Generative Art - Project description

The final exercise for the class is the development of a small project. As we discussed at the start of the semester, this project will be worth 20% of your grade. You now have approximately a week to do the project, which is either quite short (there are not that many hours between now and the end) or quite long (but it is one quarter of the term) depending on your perspective. In either event, I do expect to see some significant effort put into these projects, because they are essentially the culmination of the term and a replacement for any kind of more formal evaluative exercise like a final.

Note that we will finish the term by having two days of presentations. We will discuss the scheduling later, but work as if you needed to be done to present on Wednesday.

Requirements

There aren’t many strict requirements. I’m not even requiring that what you produce be strictly speaking art. I am fine if it is a really cool screensaver or some other visual toy that gets you excited. I’ve been asked by some of you if you could write a game. I am conditionally okay with that, but it must meet the below requirements (Flow? Yes. TicTacToe? No.).

All projects should be something we can class as generative art
I’m not hung up on the art, but the generative is important. This means that there must be some autonomous process involved somewhere. The autonomy could come from randomization (random and noise), simulation (e.g., attractors and repellers), outside input (text, numerical data, images, video, sound, etc), automata carrying out simple tasks that combine to create complexity, recursive functions or objects, or complex mathematical interactions.

The project should be cleared by me :Everyone should get a verbal okay or an email response from me before you seriously dive into the work. I will help you find the right level to be working at and make sure you are pointed in the right direction.

You should write at least one class :This is a lower level concern. This is mostly to push you towards writing better and more flexible code.

Grading

I’ll admit that grading this will be tricky, but here are the general metrics I’ll be using.

Type Percentage
Technical correctness 45%
Organization 10%
Documentation 10%
Presentation 10%
Complexity 10%
Creativity 15%

Technical correctness: Does it run? Do loops cover all of the values that they should? Do algorithms that loop around the canvas actually loop? Are there conditional statements that can never be false, or loops that never end? I’ll be looking at the intentions (based on what I see in the code) of the code and the reality of how well if actually performs those tasks.

Organization: This is more about good programming practices. Are things grouped well? Are values that are “control knobs” of the algorithm put at the top where we can find them or are they scattered throughout the sketch? Do you make good use of classes and loops and functions? My judgments will be commensurate your level of experience.

Documentation: I want to see very descriptive documentation that tells me what the project is, how you did it, and when relevant, what it means. The primary documentation should be at the top of the file and I would like one line comments like you see in my examples through out, providing insight into your thought processes. be clear what each part of your code does.
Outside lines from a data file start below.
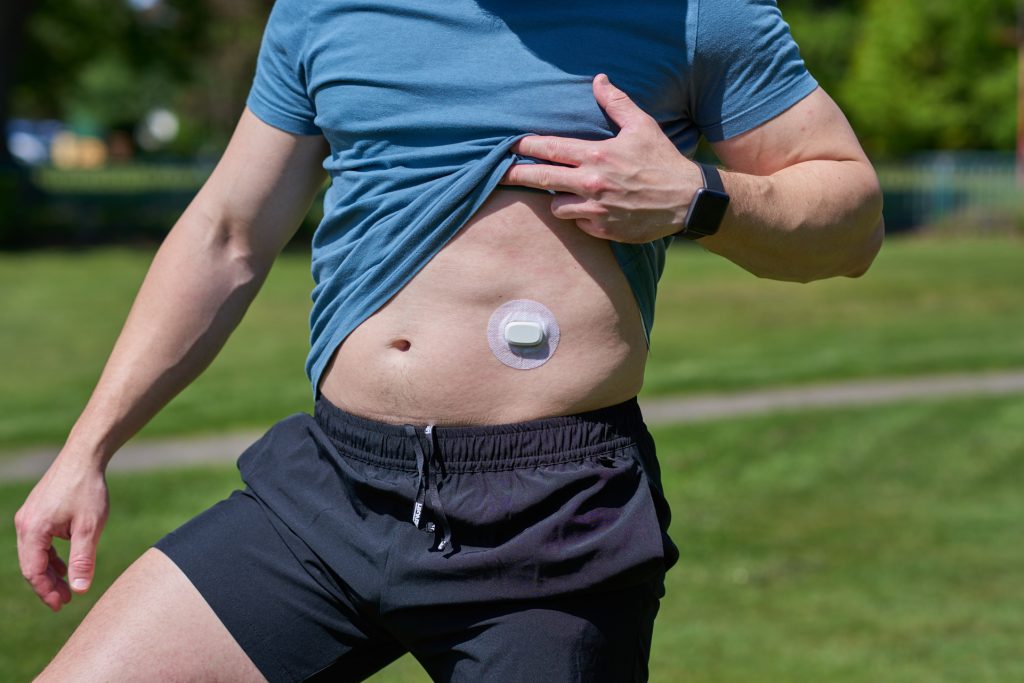 Syst&egrave;me de surveillance continue du glucose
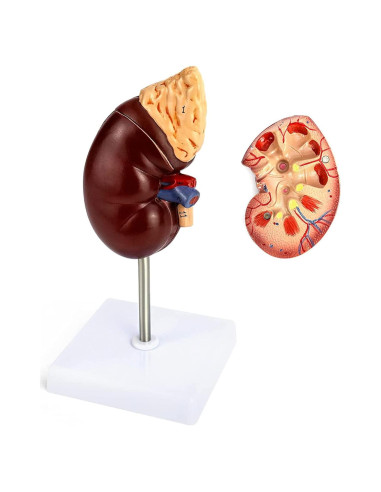 Modelo de Riñón Humano a Tamaño Real QWORK - Educativo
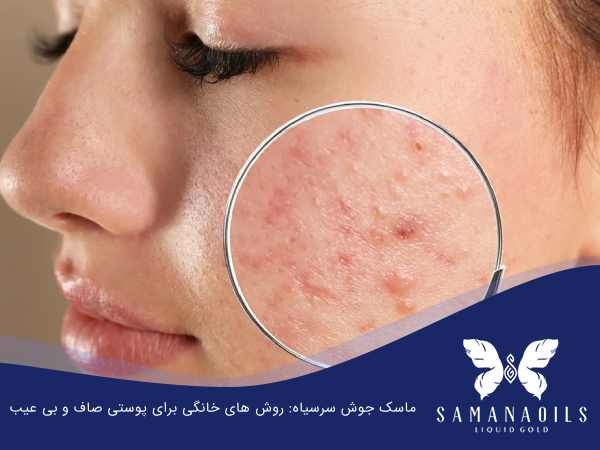 ماسک جوش سرسیاه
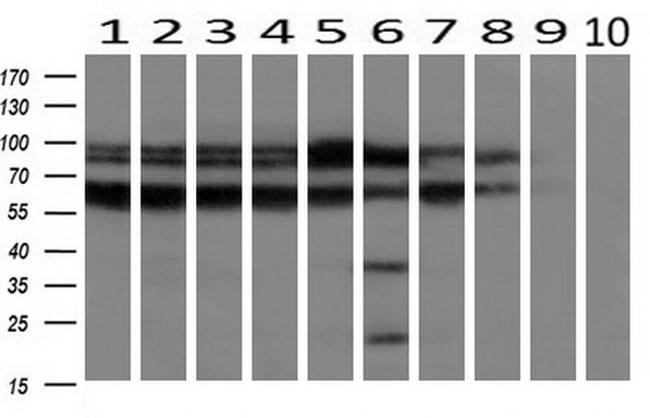 RANGAP1 Antibody in Western Blot (WB)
Presentation: You will all give a little presentation. It doesn’t have to be long, but it should tell us the goals of the project, how you built it, what techniques you used, and should, of course, include a demonstration. This could be code that you run for us, a movie of the output (especially for slow rendering sketches), or even some stills if your project was more about an end result than a dynamic process.

Complexity: I want to see some level of complexity in your projects. A technically proficient color wheel will not get many complexity points.I will also judge this based on my perception of your abilities and level of CS education to date.

Creativity: Is this a straightforward replication of an algorithm, or is there something of you in there. How much thought did you put into creating something interesting and compelling?

Thoughts

A number of you have already come and talked to me about ideas for the project, which is great. For those of you who don’t know what you are doing yet, there are a couple of ways for you to jump start the process of figuring out what to do. A big one would be to look at a lot of examples, either from my book, or in the several links I’ve posted on line. Look around OpenProcessing. Just type “generative art” into Google. Find something that speaks to you in some way. Maybe you just think it looks cool. That’s fine. Trying to duplicate it (without looking at the source can and just copying) is a fine way to come up with a project. I’d be happy to talk about how you can get from what you know to what you are looking at (and if I think you can do it). This is a fairly traditional technique used by art students throughout time to develop their techniques.

Another approach is to look back over the examples we’ve done and the assignments and see what you thought was the most interesting of fun to work on. Which one did you find you just wanted to keep poking at (if any)? If there is one, why not go back and see if you can take it to the next level, maybe incorporating some of the other techniques we have looked at?

Finally, since many of you are not CS majors, think about your major or your other interests. Is there data you could explore? Processes you could conscript and simulate? This would be another area of exploration.

Mostly, I want you to have fun with this. I am instructing you to play and show me something cool. That doesn’t happen in many classes.